The Pigford case involves black farmers who accused the U.S.D.A. of denying them government-backed loans in the 1980s and ’90s. The settlement congress approved this week sets up a process where an independent arbitrator reviews claims and decides which are legitimate.

Republican Chuck Grassley has hailed this settlement process, saying it will help prevent fraud, and Grassley helped shepherd the proposal through the senate. Fellow Republican Steve King charges that some black people who never farmed and who were never discriminated against may be able to get settlement payments.

“We’ve got to stand up at some point and say, ‘We are not going to pay slavery reparations in the United States congress.’  That war’s been fought. That was over a century ago. That debt was paid for in blood and it was paid for in the blood of a lot of Yankees, especially, and there’s no reparations for the blood that paid for the sin of slavery. No one’s filing that claim,” King said this week on the House floor.  “They’re just filing a claim because they think they can get away with it because and they understand, probably appropriately, that not a lot of members of congress want to stand and fight this battle.”
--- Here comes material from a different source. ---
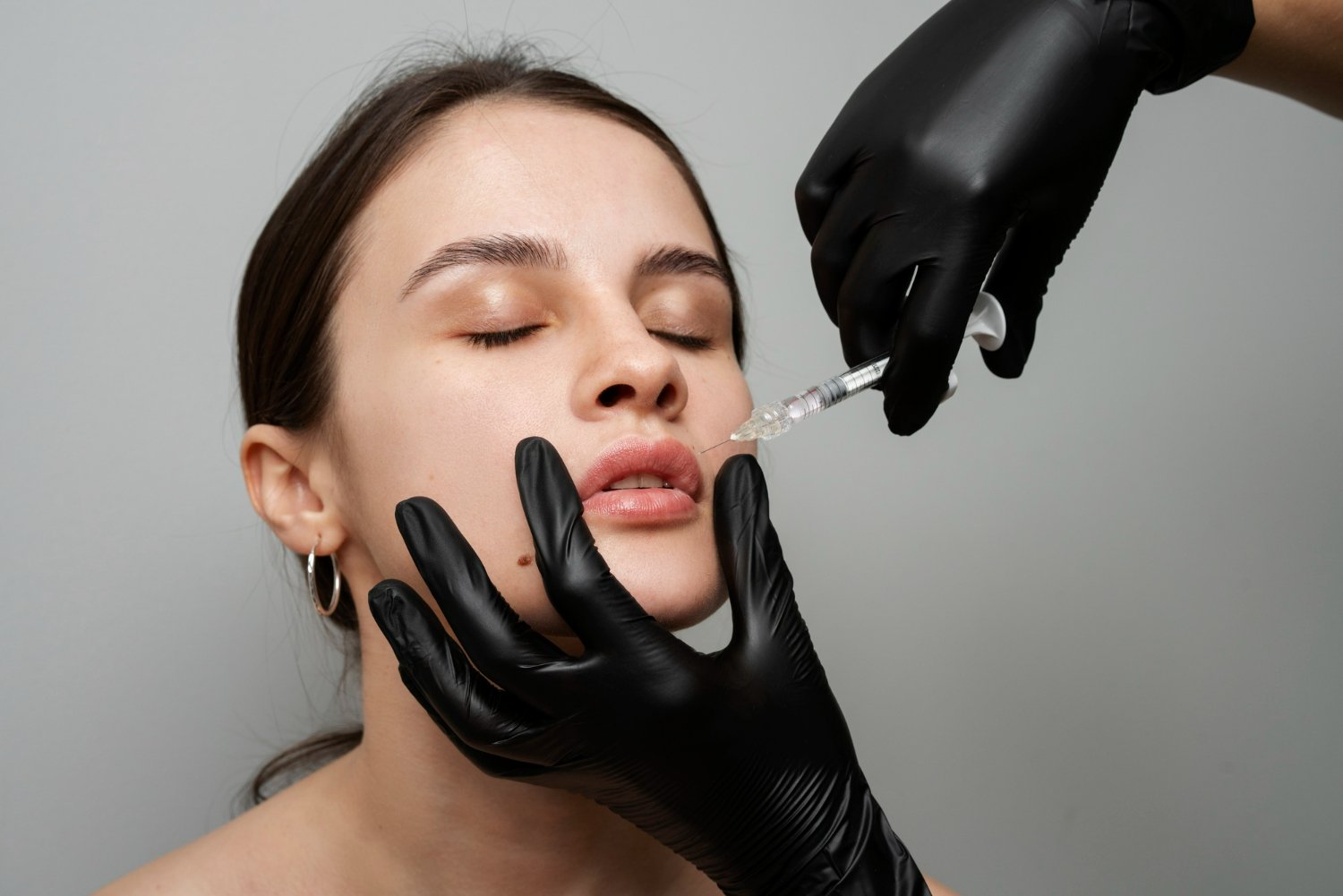 Can Lip Fillers Be Dissolved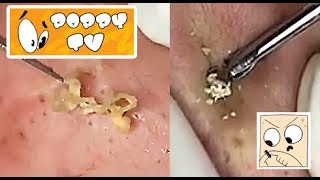 Large Closed Comedones - Whiteheads Extraction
Ag Secretary Vilsack says King’s comments are disappointing because there are safeguards against fraud. “There are provisions that involve a neutral, third-party arbitrator taking a look at evidence to determine whether or not there is an indication by substantial evidence or a preponderance of evidence that discrimination took place. There is the provision requiring the comptroller general to review the implementation of this settlement,” Vilsack says. “There is a requirement that the inspector general of the USDA also be engaged in connecting audits, and finally there’s the need for the court to essentially approve the final accounting of the settlement proceeds.” 

Vilsack says a “bipartisan group” of senators, including Grassley, did “their level best” to make sure people who aren’t entitled to a settlement check do not get one. “I’m just disappointed that Representative King took this opportunity to suggest something for which there is absolutely no proof,” Vilsack says.